Q.PdMとしてどのように収支を見立てていますか?

加藤:収支の見立ての方法は2つあると思っています。1つ目は、事業の戦略や方針に則ってプロダクトごとの収支に落とし込まれるトップダウンのパターン。もう1つは、どこに向かっていきたいかを土台にして、自分のプロダクトが世の中にどのような貢献をしていくのか、そのためにどんなステップを踏む必要があるのかを落とし込んでいくボトムアップのパターン。PdMの立場からすると、どちらのパターンも考える必要がありますね。

髙木:プロセスとしてはケースバイケースですが、営業がしっかりといる会社ではあるので、営業で売り上げを見立ててもらったり、私の方で定量的なアンケートを取って売りの見立てを立てたりすることもあります。何よりも大切なのは仮説を立てることだと思っていて、もちろん見立ての通りになるとは限らないのですが、確からしさを自分で見つけて説得できるかが大切だと思っています。

Q.開発経験があるからこそPdMで苦労したことは何ですか?

髙木:私は、どうしても設計書を全部読んでしまいたくなるのですが、それでは時間がいくらあっても足りません。プロジェクトを進めていくなかでエンジニアを信頼できたら、ある程度任せることも大事だと感じています。気になったポイントだけ聞いたりテストのときだけチェックしたり塩梅を見つけていますね。

加藤:苦労したことではないですが、開発側から上がってくる質問と、ビジネス側との回答がかみ合わないケースがよくあります。そのときにSIer経験があるからこそ、交通整理できるのは強みだなと思っています。

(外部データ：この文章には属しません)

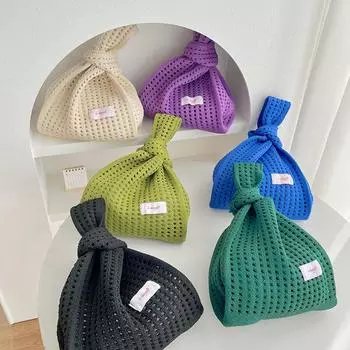 Yogodlns вязаная сумка на запястье женская повседневная сумка через плечо выдалбливают женские многоразовые сумки для покупок для девочек тканая маленькая сумка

反中:両方の立場が分かるからこそ、コミュニケーションや人間関係の中で、その場に合った立ち振る舞い方を見つけていくのでしょうね。

リクルートのPdMのやりがい・魅力を教えて!

加藤:ビジネス構想からプロダクト開発、そしてユーザーの反応を見るまで、すべての工程に関わることができるのが、PdMの仕事の面白さだと思います。また、リクルートのサービスだとN=1の声を集めて汎用化して、ユーザーに使ってもらって反応を見るという、プロダクトに愛を持って関わることができるので、そのワクワク感はPdMならではだと思います。

髙木:まず、いろいろなプロの方々とやり取りをすることが増えるので、スキルを高めて自己成長につながっていると思います。また、自分で決めたことが、世の中にインパクトを与えるサービスとして形になることに、大きなやりがいを感じています。